SOUTH WALTON, Fla. (WMBB) — The Panhandle didn’t get the brunt of Hurricane Ida’s rains and winds, but Walton got some of her effects following powerful storms.
The surf from Ida eroded the beaches, which were already depleted by the last three hurricane seasons. Along Blue Mountain Beach access, waves hit above 6 feet along the dune lines. Officials warn that beach erosion will continue to worsen from here.
“The Gulf is a very large and powerful body of water that is very temperamental and mercurial, and you cannot predict what it is going to do,” said South Walton Fire District Beach Safety Director David Vaughan.
Officials across the Panhandle are staying with double red flag conditions because of the high tide and strong surf.
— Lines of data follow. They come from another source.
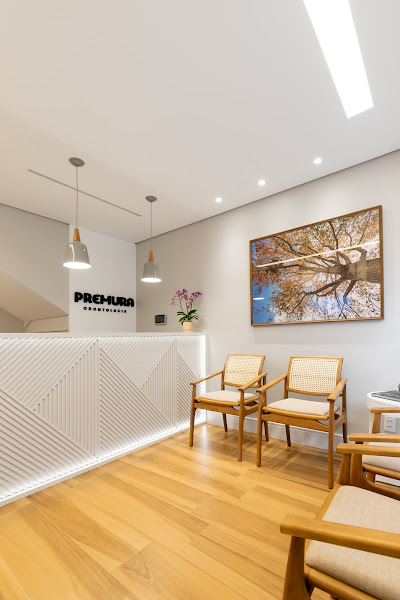 Foto 2 de Premura Odontologia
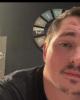 Eli is single in Soft Shell, KY USA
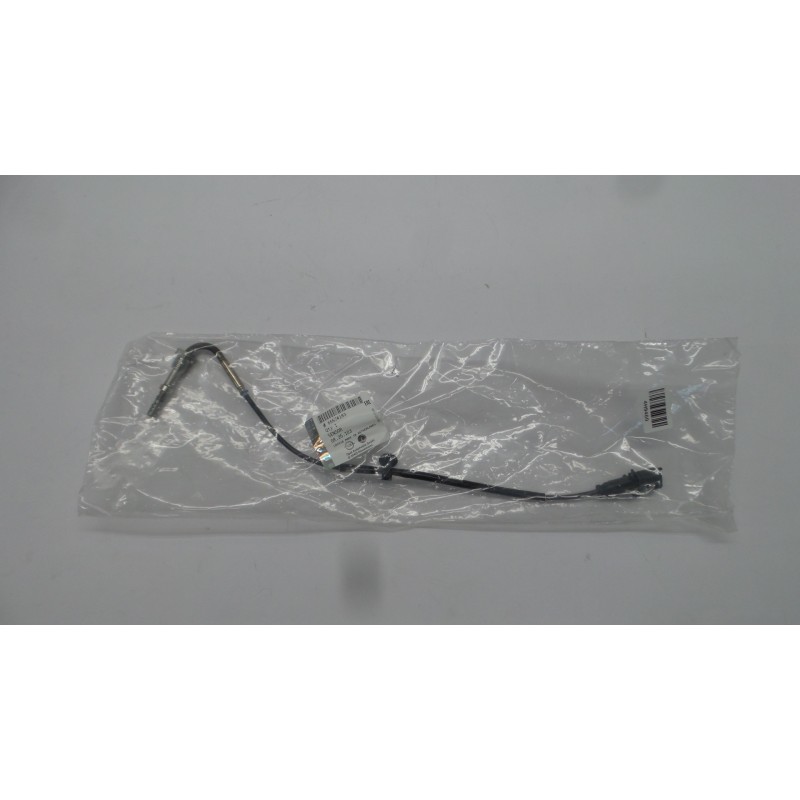 Pièce pour OPEL - Sensor, Exhaust Gas Temperature 55574183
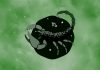 SCORPIO: YOU CAN’T ESCAPE THIS LOVE — Fate Is Leading You Straight to Each Other! Scorpio zodiac sign and an intense fated love connection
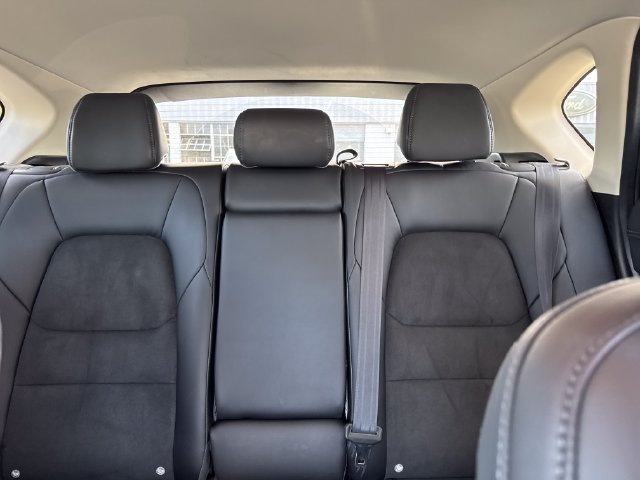 Used 2018 MAZDA CX-5 Touring AWD/4WD image 34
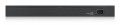 Switch ZyXEL GS190048HPV2-EU0101F - 1912777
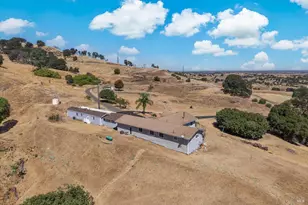 3854 Ciarlo Ln, Vacaville, CA 95688 - Photo 75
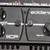 Synergy Syn-2 With 3 Amp Modules And Midi Pedal! 2 thumbnail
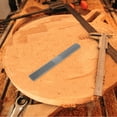 thumbnail image 1 of HONMEET Files Tools Kits Multi Functional File For Metalworking Tasks 1Pcs, 1 of 7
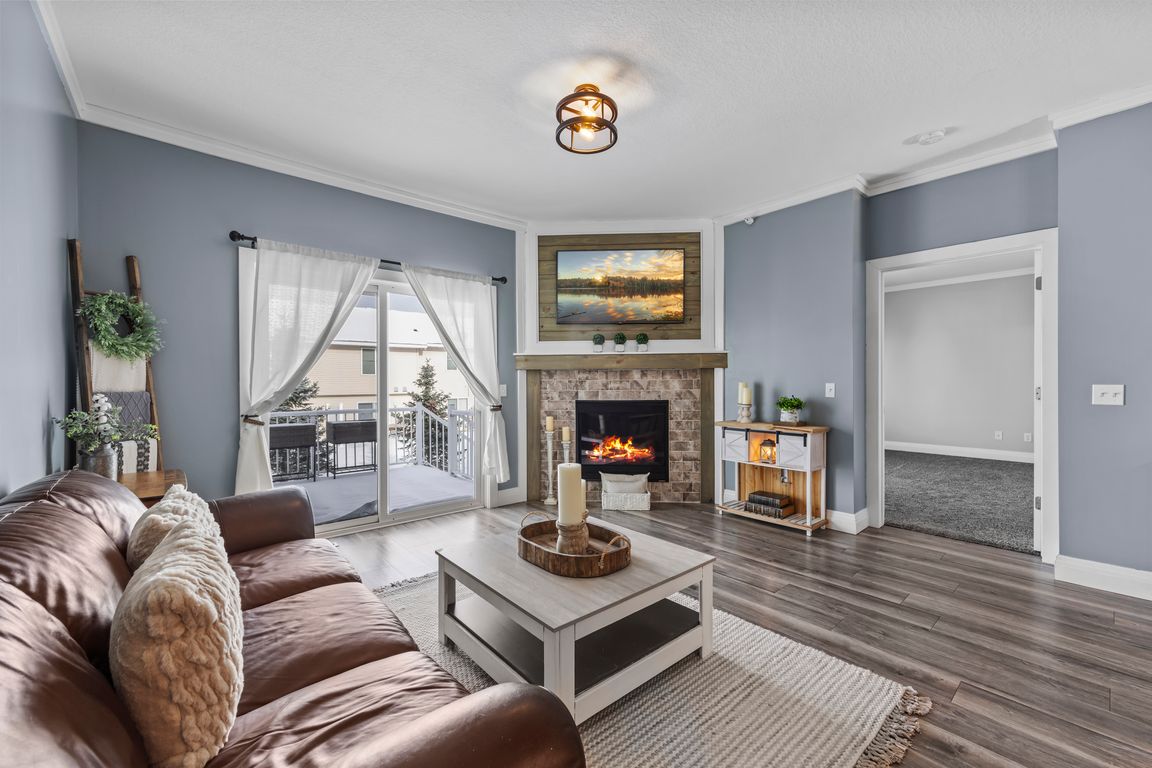 next background image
Vaughan said the days following the storm are the ones that worry him.
“That’s when it’s most dangerous as the surf dies down,” Vaughan said. “Those sandbars and beaches are pretty beat up, and those straight rip currents are what will cause problems here later in the week.”
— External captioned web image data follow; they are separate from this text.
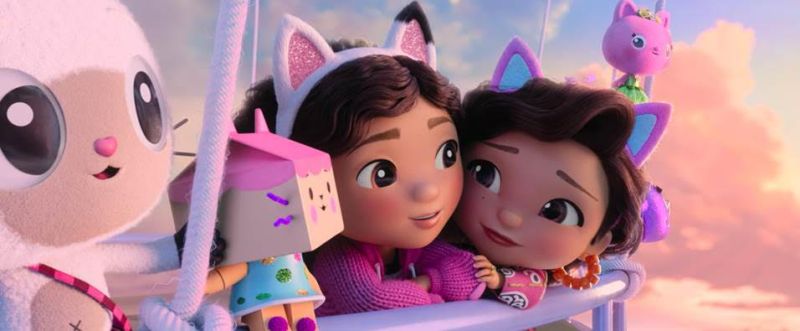 cid:image005.jpg@01DC2EC7.4356BDC0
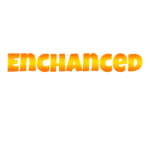 Enchanced Games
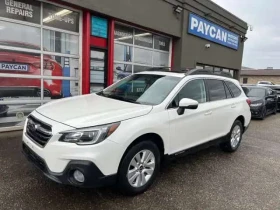Subaru Outback * Touring * CARFAX * ФИКСИРАНА ЦЕНА ДО БЪЛГАРИЯ, снимка 1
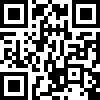 https://zh.abna24.com/xb7GH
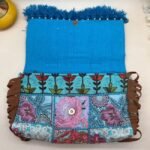 Jogan Jhola Banjara Bag - Image 5
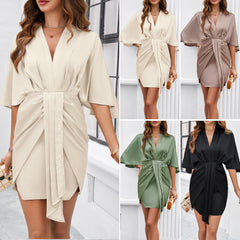 One Piece Party Wear For Women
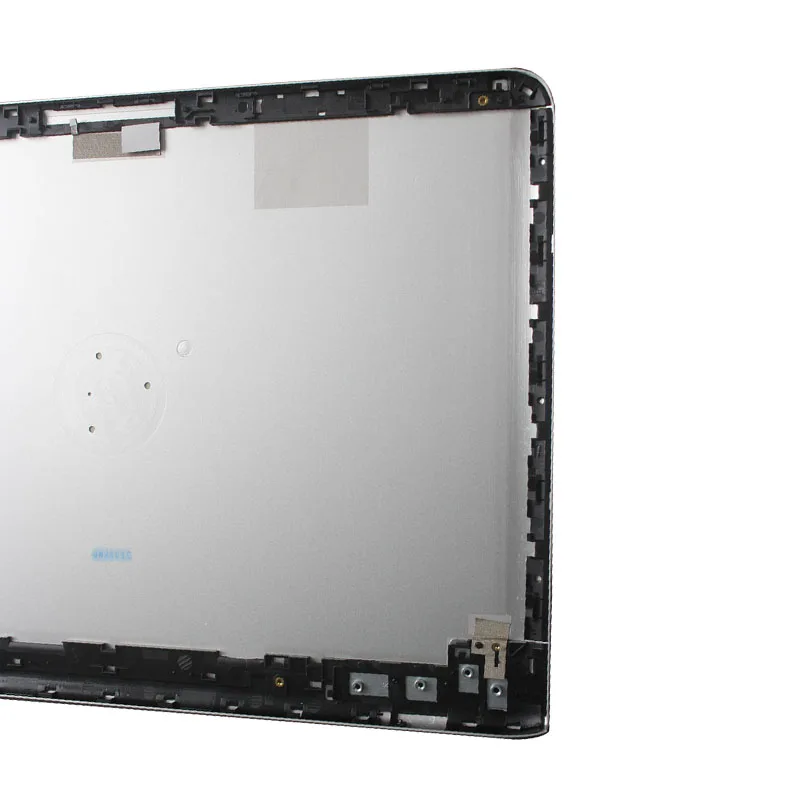 Новый чехол для ноутбука HP ENVY 13-D 13-D024TU D023TU серии 13 3 &quotLCD Серебряная задняя крышка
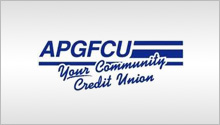 Aberdeen Proving Ground Federal Credit Union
High tides combined with high surf lead to more erosion. It is not only difficult for lifeguards to make rescues, but also eliminates the protection provided by the dunes.
“The beaches in Walton County are what we consider critically eroded,” said Walton’s Beach Operations Director Brian Kellenberger.
When the dunes are less than five and a half feet above sea level, they are considered critically eroded. Nature cannot stop or correct the problem on its own, it needs human help. Whether it means creating sacrificial dunes or beach renourishment.
“You simply add sand to increase the elevation of the beach,” said Kellenberger. “And that typically increases the depth or width of the beach.”
Experts will begin assessing damages and needs once the Gulf returns to normal calm conditions.